‘Biko would’ve been outraged’Comment on this story
Cape Town -
Western Cape Premier Helen Zille has been barred from giving a lecture in memory of Steve Biko, who died 35 years ago.
Stephen Bantu Biko died in police custody on September 12, 1977.
The founder of the Black Consciousness Movement is widely regarded as a martyr of the anti-apartheid movement.
Zille told the Cape Argus she had been due to speak at the Nelson Mandela Metropolitan University in Port Elizabeth on Tuesday, but had been denied permission by the university’s management.
“They argued that there was already a lecture on Wednesday - which is an illegitimate excuse as it’s a different day and on a different campus - and that I had not been given permission of the Biko family.”

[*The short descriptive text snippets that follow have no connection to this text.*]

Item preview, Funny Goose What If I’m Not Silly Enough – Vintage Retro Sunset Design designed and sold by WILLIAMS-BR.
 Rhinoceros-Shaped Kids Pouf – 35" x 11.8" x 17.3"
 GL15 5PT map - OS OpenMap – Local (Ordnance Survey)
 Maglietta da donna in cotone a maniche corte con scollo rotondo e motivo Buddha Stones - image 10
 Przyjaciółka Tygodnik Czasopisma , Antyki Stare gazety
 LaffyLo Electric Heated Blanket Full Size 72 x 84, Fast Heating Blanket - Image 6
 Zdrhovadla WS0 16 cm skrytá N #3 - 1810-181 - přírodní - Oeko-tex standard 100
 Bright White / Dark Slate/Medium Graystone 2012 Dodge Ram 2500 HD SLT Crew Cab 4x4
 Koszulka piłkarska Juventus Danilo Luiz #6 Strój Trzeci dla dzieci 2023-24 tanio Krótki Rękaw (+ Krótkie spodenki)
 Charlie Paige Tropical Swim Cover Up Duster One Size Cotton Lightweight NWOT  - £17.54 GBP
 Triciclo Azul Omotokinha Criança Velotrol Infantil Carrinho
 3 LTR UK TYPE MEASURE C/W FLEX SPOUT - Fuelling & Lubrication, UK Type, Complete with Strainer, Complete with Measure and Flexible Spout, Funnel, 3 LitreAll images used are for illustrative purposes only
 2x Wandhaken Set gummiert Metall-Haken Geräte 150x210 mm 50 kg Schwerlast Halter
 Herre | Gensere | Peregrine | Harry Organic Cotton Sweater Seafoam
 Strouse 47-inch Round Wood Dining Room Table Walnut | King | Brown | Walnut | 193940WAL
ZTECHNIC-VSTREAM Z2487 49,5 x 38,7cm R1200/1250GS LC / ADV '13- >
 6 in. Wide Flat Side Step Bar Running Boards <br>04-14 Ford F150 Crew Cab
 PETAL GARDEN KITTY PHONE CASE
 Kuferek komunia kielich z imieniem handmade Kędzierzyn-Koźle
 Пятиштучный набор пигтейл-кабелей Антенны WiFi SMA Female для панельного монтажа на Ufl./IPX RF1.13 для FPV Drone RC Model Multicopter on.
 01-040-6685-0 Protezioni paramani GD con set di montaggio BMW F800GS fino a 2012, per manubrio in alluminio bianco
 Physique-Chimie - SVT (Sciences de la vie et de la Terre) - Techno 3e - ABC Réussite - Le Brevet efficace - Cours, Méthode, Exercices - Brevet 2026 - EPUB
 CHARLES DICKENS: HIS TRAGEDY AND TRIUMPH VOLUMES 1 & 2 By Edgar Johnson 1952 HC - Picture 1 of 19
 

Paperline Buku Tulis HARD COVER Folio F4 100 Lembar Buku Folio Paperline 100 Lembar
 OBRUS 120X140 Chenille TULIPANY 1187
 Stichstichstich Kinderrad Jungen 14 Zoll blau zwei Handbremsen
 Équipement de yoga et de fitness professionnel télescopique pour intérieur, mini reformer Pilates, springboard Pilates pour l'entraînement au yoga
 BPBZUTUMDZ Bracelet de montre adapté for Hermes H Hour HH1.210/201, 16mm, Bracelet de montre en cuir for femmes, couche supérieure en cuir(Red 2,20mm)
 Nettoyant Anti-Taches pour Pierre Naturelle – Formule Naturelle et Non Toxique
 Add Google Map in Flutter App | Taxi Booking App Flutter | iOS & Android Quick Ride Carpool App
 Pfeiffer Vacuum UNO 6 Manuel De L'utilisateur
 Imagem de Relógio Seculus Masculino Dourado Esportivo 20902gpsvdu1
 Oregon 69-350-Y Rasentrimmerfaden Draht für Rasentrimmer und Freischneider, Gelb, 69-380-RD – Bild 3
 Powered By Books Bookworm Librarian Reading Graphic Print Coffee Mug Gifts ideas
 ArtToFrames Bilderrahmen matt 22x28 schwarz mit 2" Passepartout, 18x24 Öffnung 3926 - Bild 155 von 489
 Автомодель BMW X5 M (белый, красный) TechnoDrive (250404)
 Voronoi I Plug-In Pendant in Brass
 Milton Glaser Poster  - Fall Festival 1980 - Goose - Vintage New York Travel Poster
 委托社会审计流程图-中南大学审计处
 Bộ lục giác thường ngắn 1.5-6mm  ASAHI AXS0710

Zille said this second reason was “ludicrous” too.
“Great historical figures are spoken about all the time,” she said.
The university’s alleged argument has also raised eyebrows because Zille was famously courageous as the journalist who first broke the scandalous news about Biko’s murder in prison, writing for the Rand Daily Mail.
She has also, on numerous occasions, shared platforms with those close to Biko, such as businesswoman and activist Mamphela Ramphele, who had two children with him.
“The university’s decision amounts to censorship,” Zille said. “Steve Biko would have been outraged.”
Instead, Zille visited the Walmer police station where Biko was detained and tortured during interrogation.
“It is worth recalling the most famous phrase attributed to him: ‘It is better to die for an idea that will live, than to live for an idea that will die.’
“Apartheid is dead. Biko’s ideas live on. It is incumbent on us to ensure that they are a beacon on the road to a genuine and sustainable democracy and genuine liberation,” Zille said.